Love in the Time of Money

Jill Hennessy, Domenick Lombardozzi, ...

It’s not about love. It’s not about money. It’s not even about sex, although the transaction of cold, love-starved sexual business propels the daisy-chain encounters that make up Love in the Time of Money. If anything, theater director Peter Mattei’s dingy, mannered, visually ragged resetting of Max Ophuls’ unimprovable 1950 beaut ”La Ronde” (based on an 1896 play by Arthur Schnitzler) is about scenes of cap-A Acting by a roundup of cap-I Indie thespians, captured on brutally flat and blotchy cap-DV Digital Video.

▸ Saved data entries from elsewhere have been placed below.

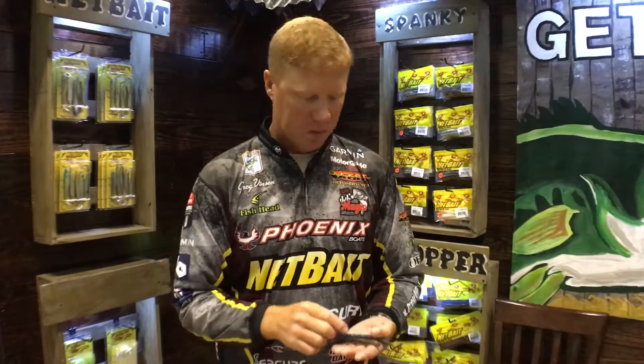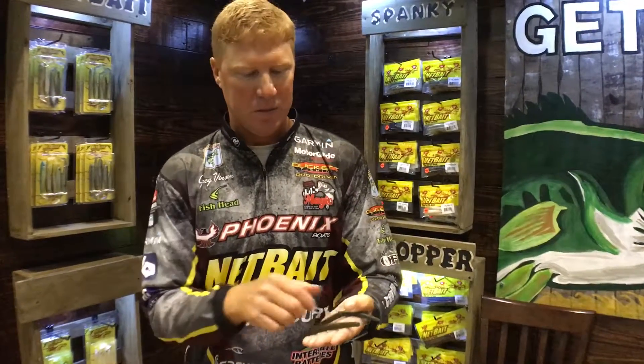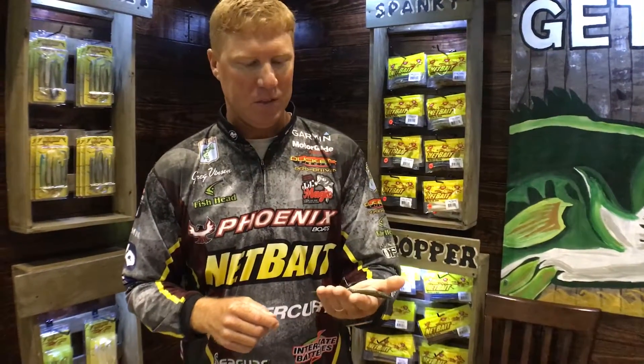The key to these baits — you cast them out and they wiggle on the fall. There's a lot of different companies that have this style worm out there. I'm gonna challenge you to take them out to the swimming pool, take them out to the clear water on the lake, drop them for yourself and compare and see how well this Netbait Salt Lick wiggles. You'll be surprised how productive this thing is.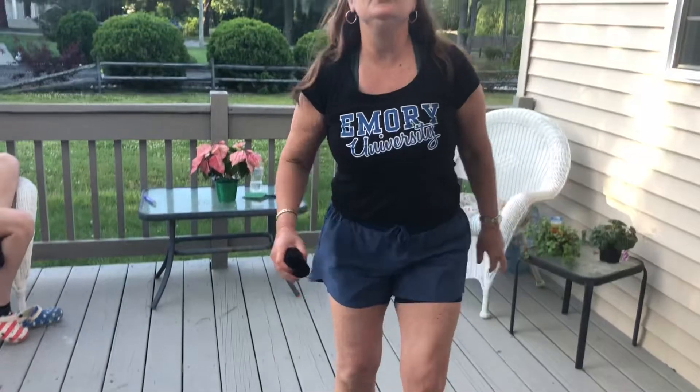You have one minute to get as many points as you can. Only one sock ball — good luck, have fun!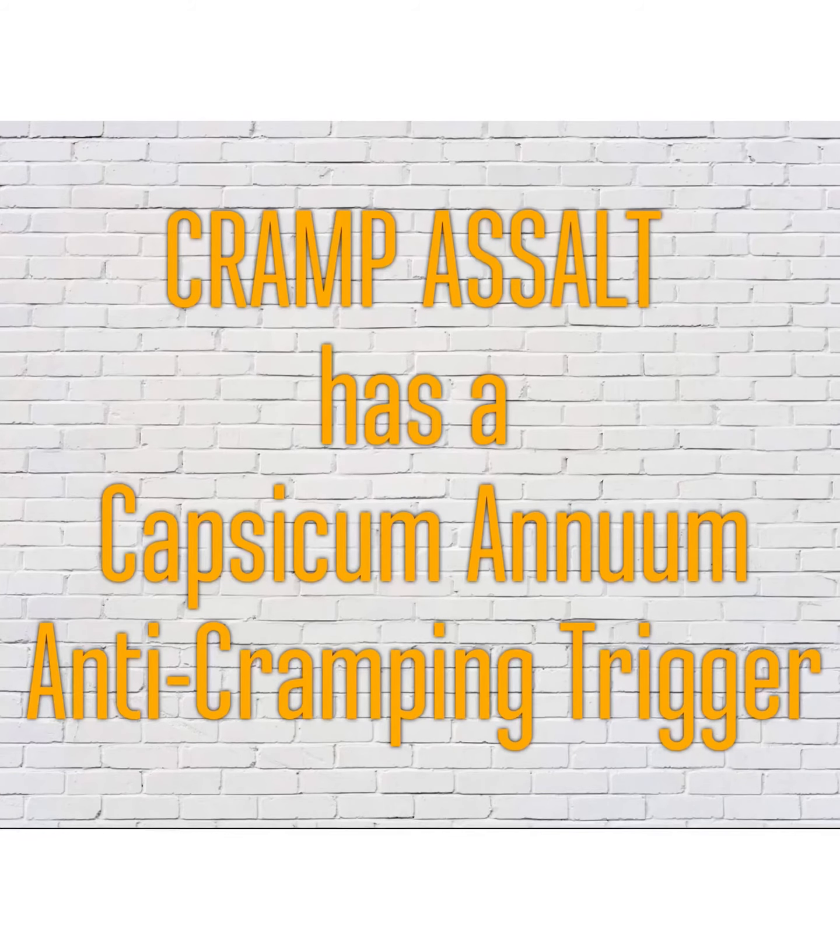Finally, if all else fails and the onset of cramping begins, Cramposalt contains a capsicum annum trigger which is used to stimulate the TRP ion channel, and this is shown to be effective against muscle cramping.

A hooker (Vera Farmiga) has a bad encounter with a contractor (Domenick Lombardozzi), who services a rich, drunk wife (Jill Hennessy), whose husband (Malcolm Gets) makes a pass at a crappy painter (Steve Buscemi), who picks up a gallery receptionist (Rosario Dawson), who fights with her boyfriend (Adrian Grenier), and so the circle goes, all the way back to the original, unenlightened hooker. Individual performances stand out (Buscemi, Carol Kane as a lonely psychic, ”The Sopranos”’ Michael Imperioli as a suicidal financial type) or stagger (Hennessy, Farmiga), weighed down by stagey dialogue; a workshop mentality prevails. The characters who cross paths here in the hard shadows of late-’90s New York City are meant to convey loneliness, bitterness, neediness, loss, and bad karma. Mostly, they convey bad Sundance.